Use reinforcement learning and transfer learning to learn policy for starcraft micromanagement
presents a reinforcement learning model and transfer learning method to tackle the multi-agent control of StarCraft micromanagement.
define an efficient state representation approach to break down the complexity caused by the large state and action space in game environment.
propose a reward function to help balance units’ move and attack, and encourage units to learn cooperative behaviors.
present a multi-agent gradient-descent Sarsa(λ) reinforcement learning model to train our units to operate micromanagement, and use a neural network as function approximator of the Q values.
In small scale scenarios, our units can successfully learn to combat and defeat the built-in AI with 100% winning rate.
propose a transfer learning method to extend our model to larger scale and more difficult scenarios.
transfer learning method can accelerate the training process and improve the learning performance.
the test episodes show our controlled units are able to operate StarCraft micromanagement with appropriate strategies in various scenarios.

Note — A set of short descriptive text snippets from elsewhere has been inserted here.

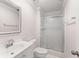 Bathroom with glass sliding door shower, white vanity and countertop and large mirror at 6006 Lanier Heights Cir, Buford, GA 30518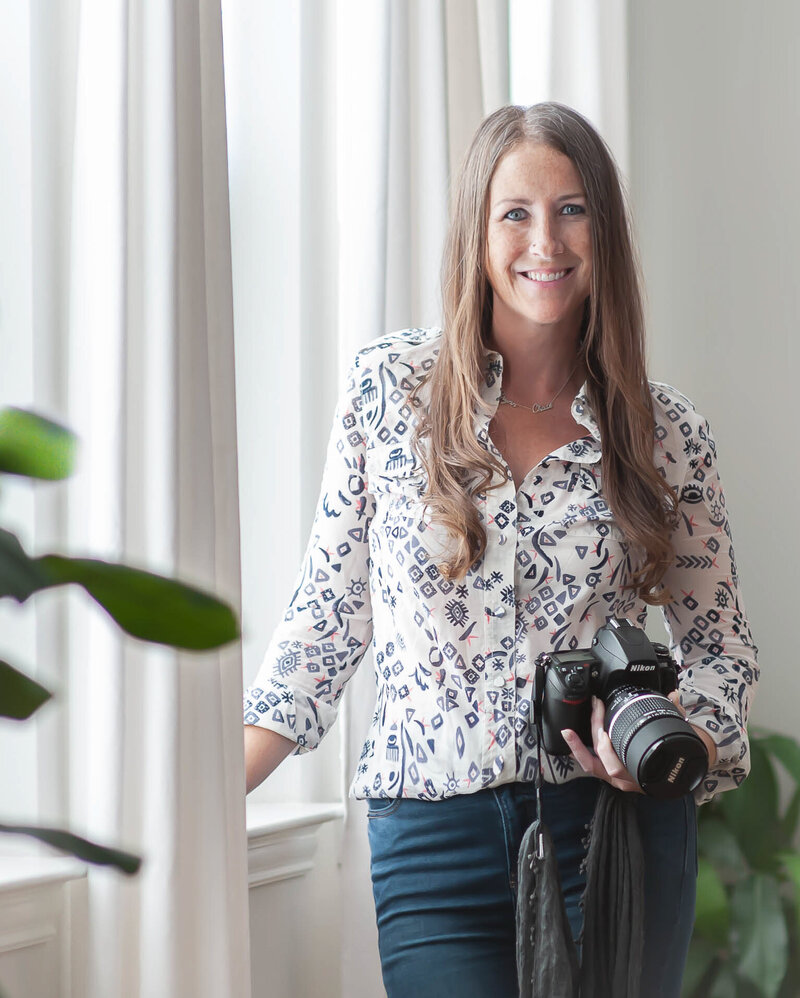 Professional Photographer Allison Amores holding camera near a window with white curtains and plants in the foreground and background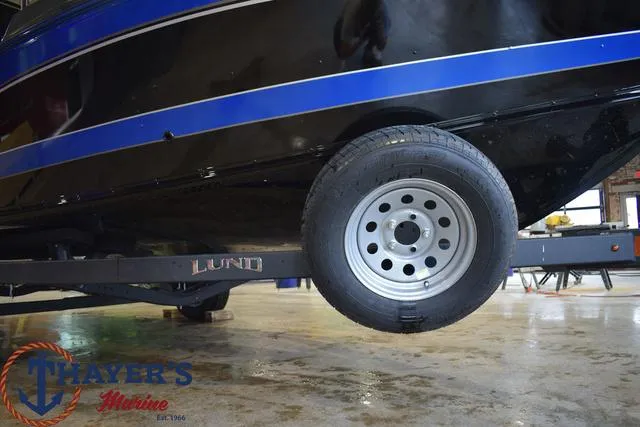 Slide: The Image of 2024 Lund 1875 Impact XS Sport boat on trailer at Thayer's Marine. - 8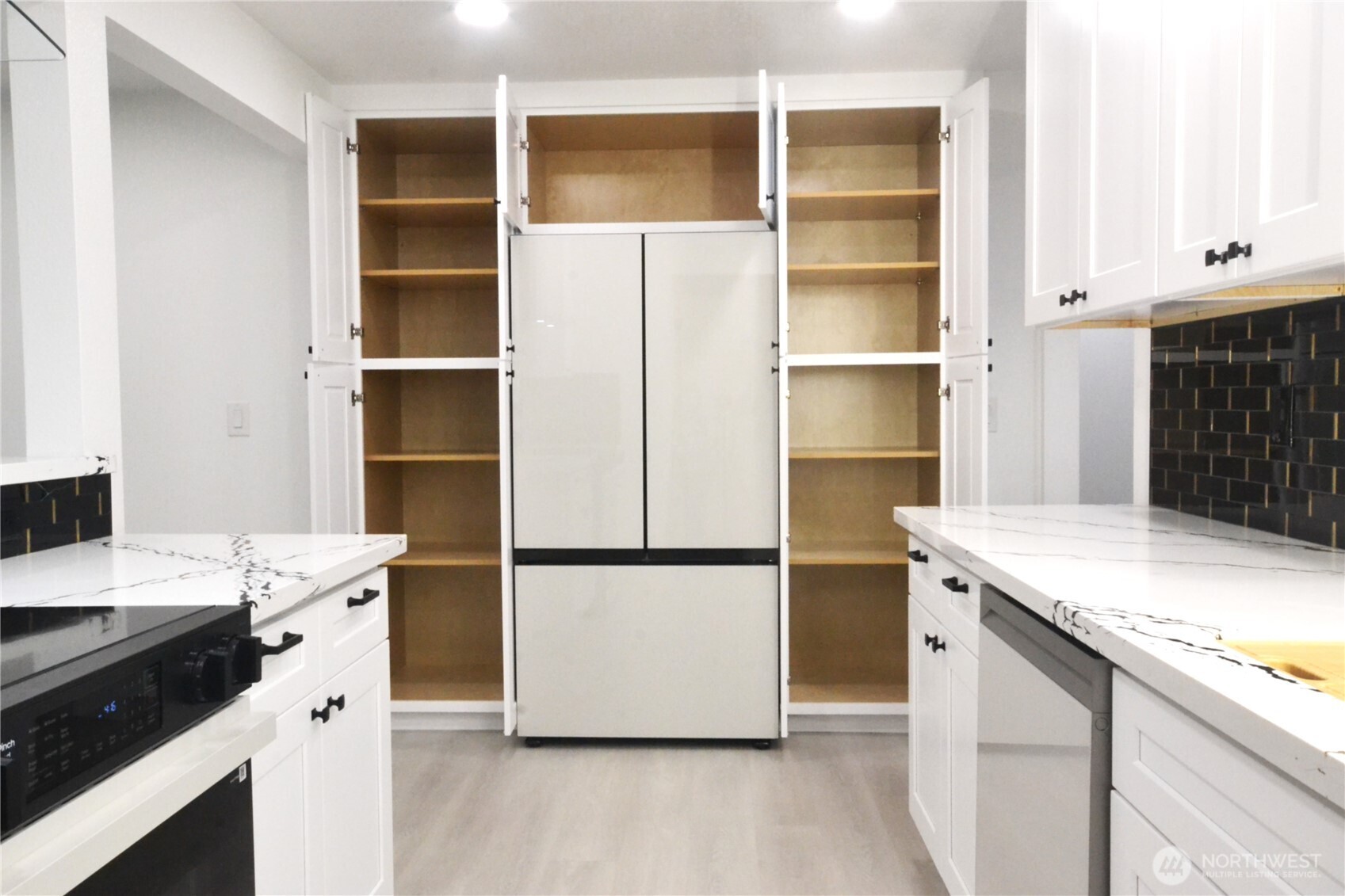 1410 Beech Avenue Steilacoom, WA 98388 - Photo 7 of 38 a kitchen with a refrigerator and a sink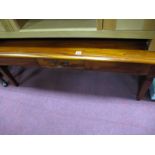 A Modern Hardwood Coffee Table, rectangular form, moulded edge, squared tapering feet.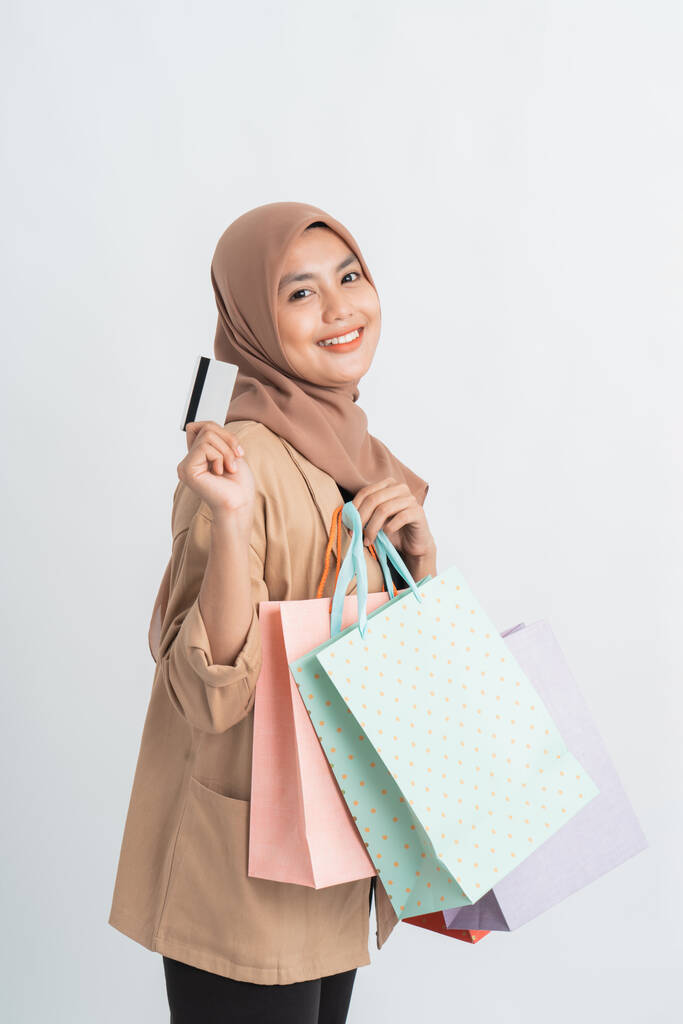 Muslimische Frau hält Einkaufstasche auf weißem Grund - Foto, Bild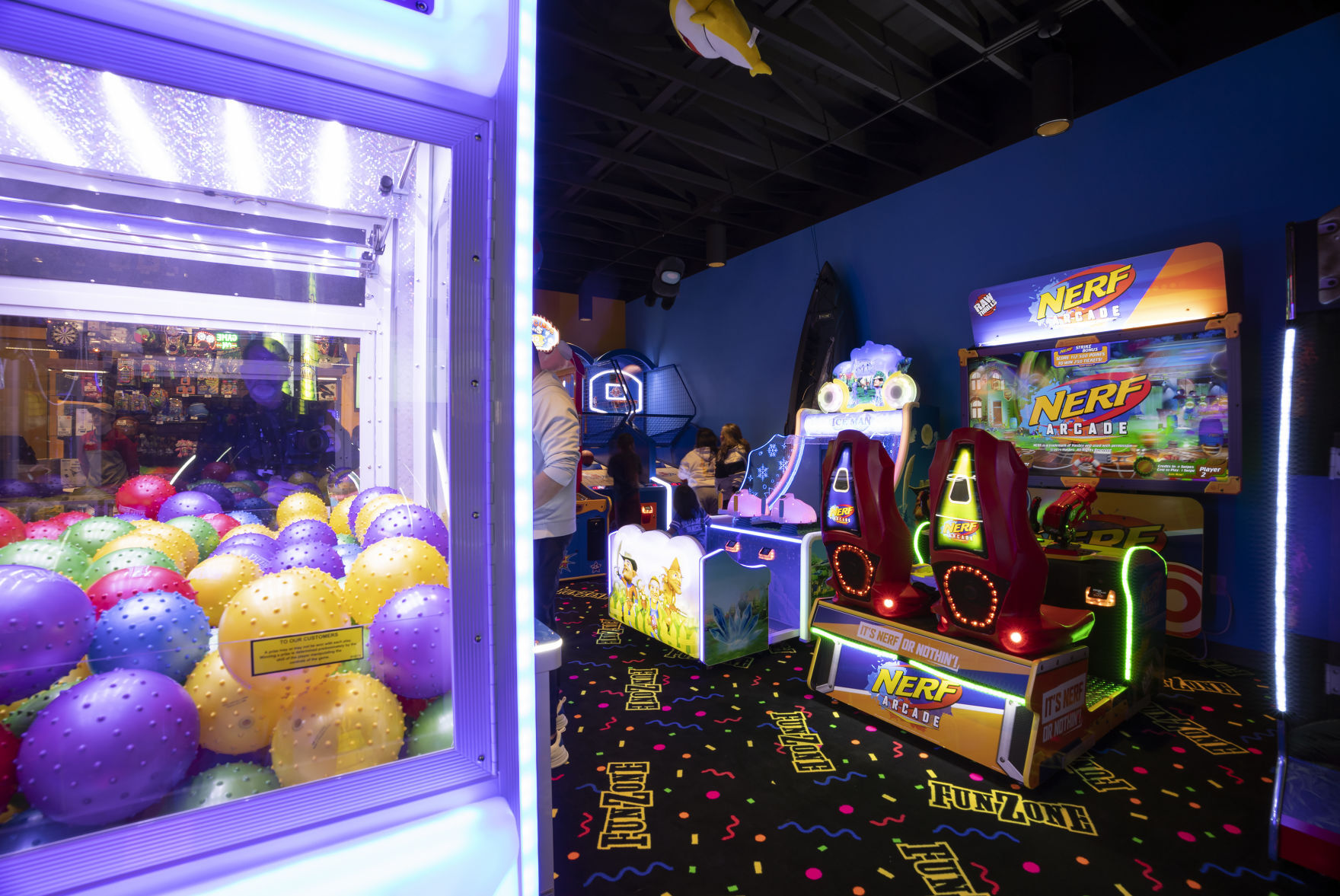 Customers enjoy the arcade games in the new FunZone at Pizza Ranch in Dubuque on Thursday, Feb. 10, 2022.    PHOTO CREDIT: Stephen Gassman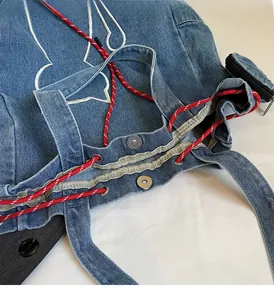 Detail view of denim tote bag featuring white embroidery and durable metallic hardware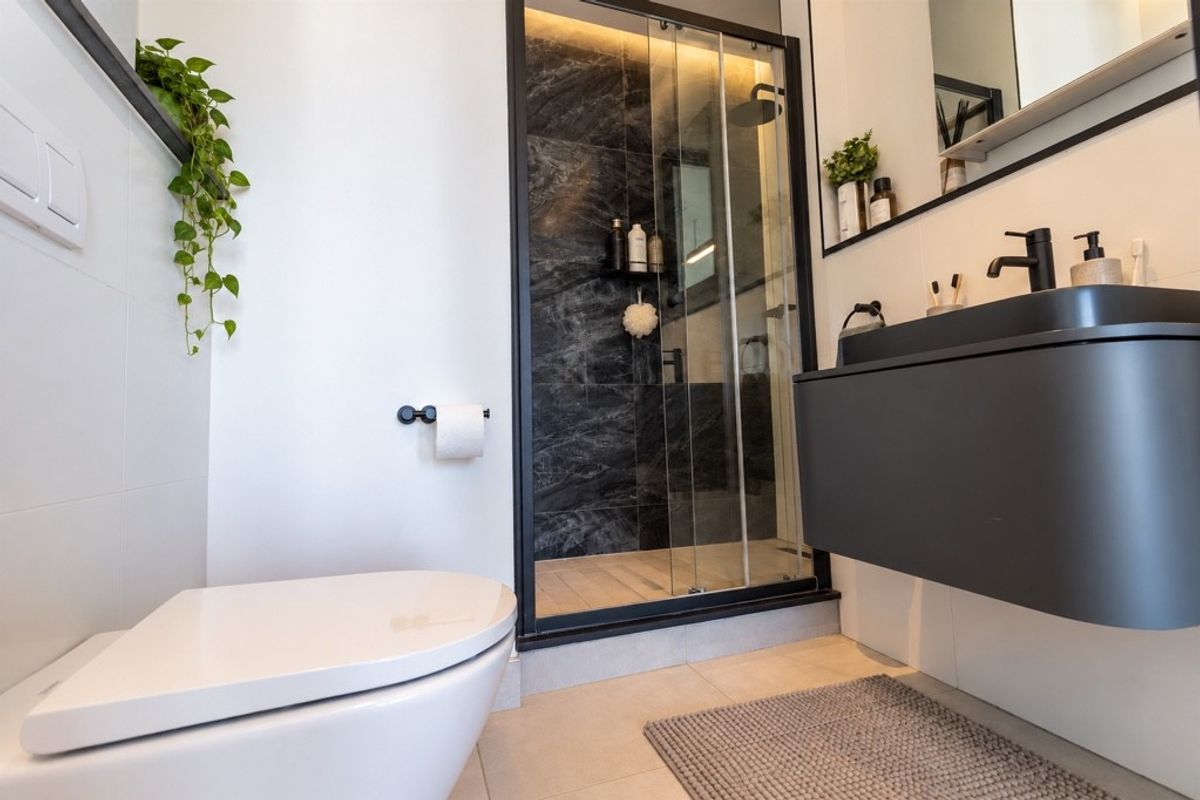 Modern bathroom featuring a wall-hung toilet, floating vanity with integrated basin, and a sleek walk-in shower with black frame and dark marble-effect tiling.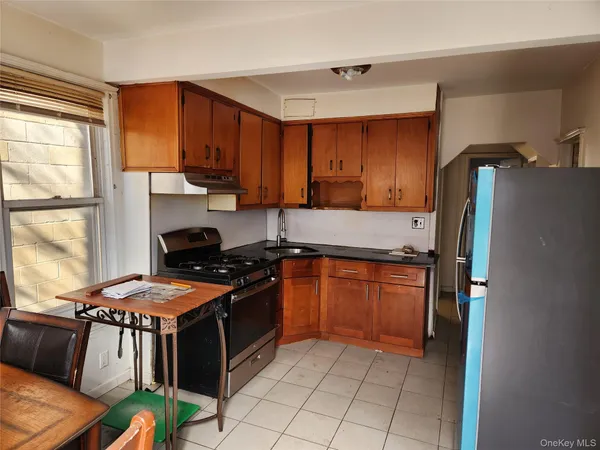 a kitchen with stainless steel appliances granite countertop a stove a refrigerator and a stove top oven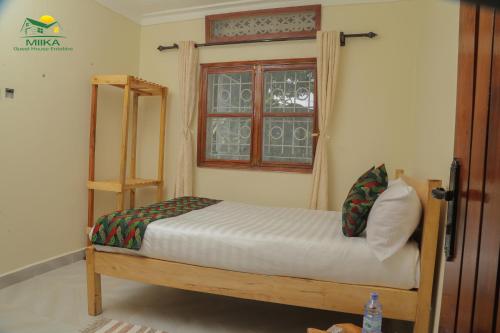מיטה או מיטות בחדר ב-Miika Guest House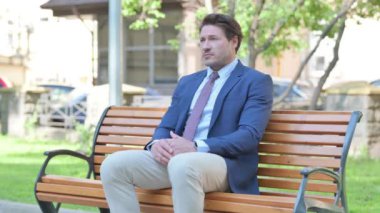 Orta yaşlı iş adamı ayağa kalktı ve Bench 'i açık havada bıraktı.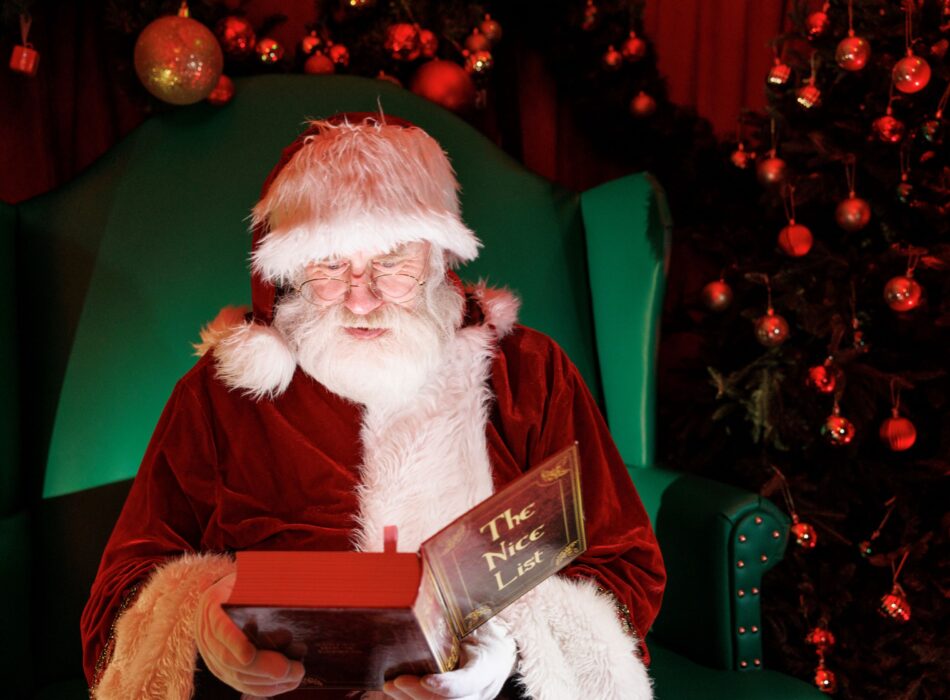 Santa Claus sitting in a large green armchair, wearing his classic red velvet suit and glasses while holding open a book labeled "The Nice List" on the cover. A warm glow shines from the pages onto his face and white beard. The background features deep red tones and a Christmas tree adorned with round red ornaments and warm festive lighting.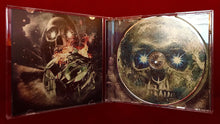 Load image into Gallery viewer, CD case with a skull design on a red background
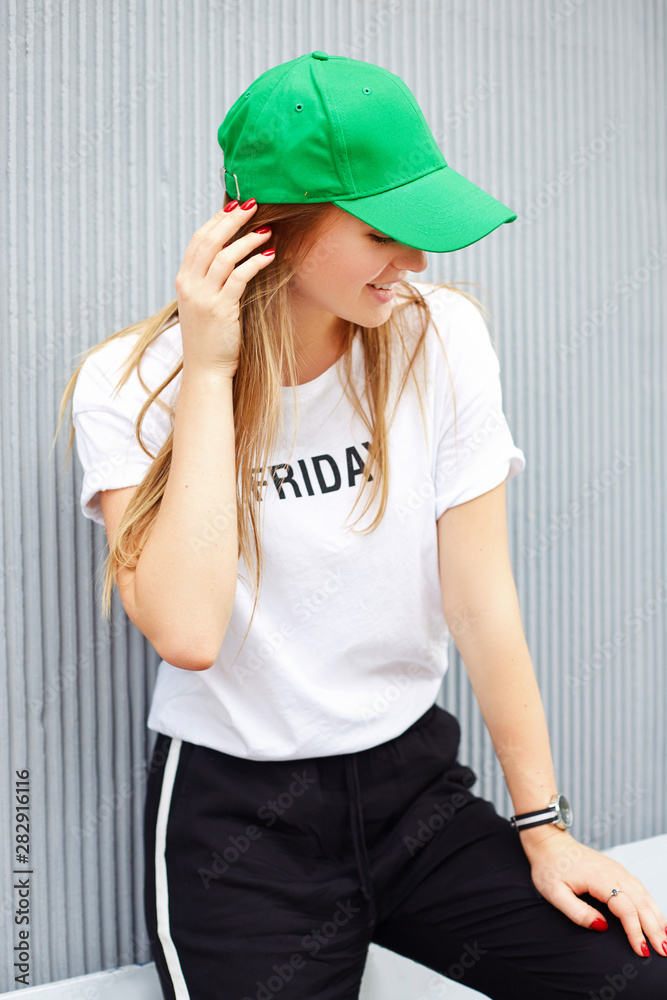 Beautiful blonde girl in a green cap on a background of a gray wall Beautiful blonde girl in a green cap on a background of a gray wall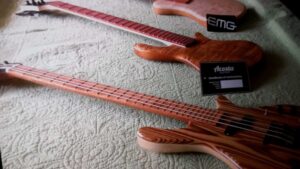 multiple basses laid on table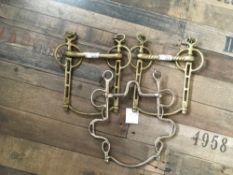 Pair of straight bar nickel Liverpool bits with crossbars, 5.25 and Buxton bit with high port, 5.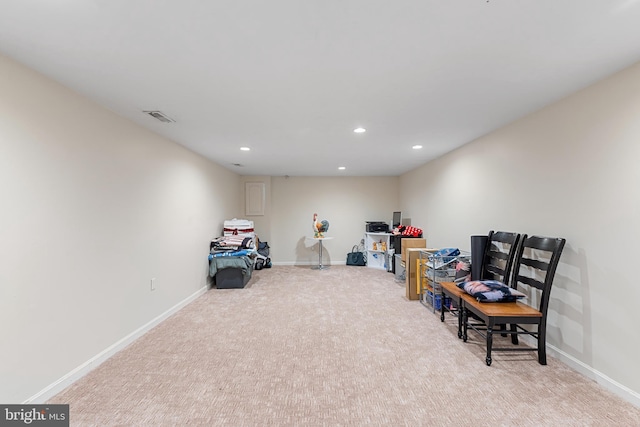 interior space with recessed lighting, visible vents, light colored carpet, and baseboards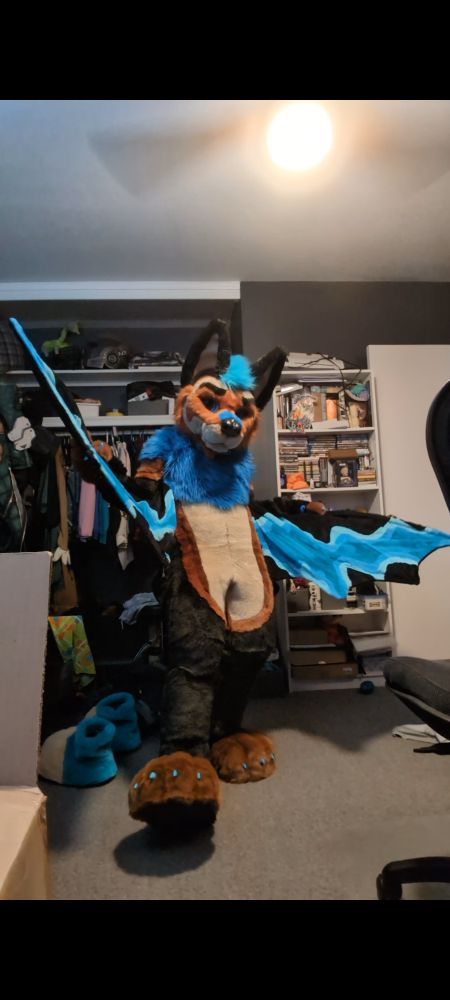 A fursuit of a brown and black flying fox. The wings have blue sound wave patterns in them.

The network input is composed of 3 parts
---- 1. Current step agent state informatoin [dim=42]:
-------- own weapon cool down time [0~1], dim=1
-------- own hitpoint [0~1], dim=1
-------- self units distance in 8 directions; multiple distances are SUM in the same direction if existed; if no units in certain direction, it is 0; if unit is out of sight range, it is 0.05; dim=8.
-------- self units distance in 8 directions; multiple distances are MAXIMIZE in the same direction if existed; if no units in certain direction, it is 0; if unit is out of sight range, it is 0.05; dim=8
-------- enemy units distance in 8 directions; multiple distances are SUM in the same direction if existed; blablabla
-------- enemy units distance in 8 directions; multiple distances are MAXIMIZE in the same direction if existed; blablabla
-------- terrain/obstacle distance in 8 direction; if it is out of sight range, 0; dim=8
---- 2. Last step agent state information [dim=42]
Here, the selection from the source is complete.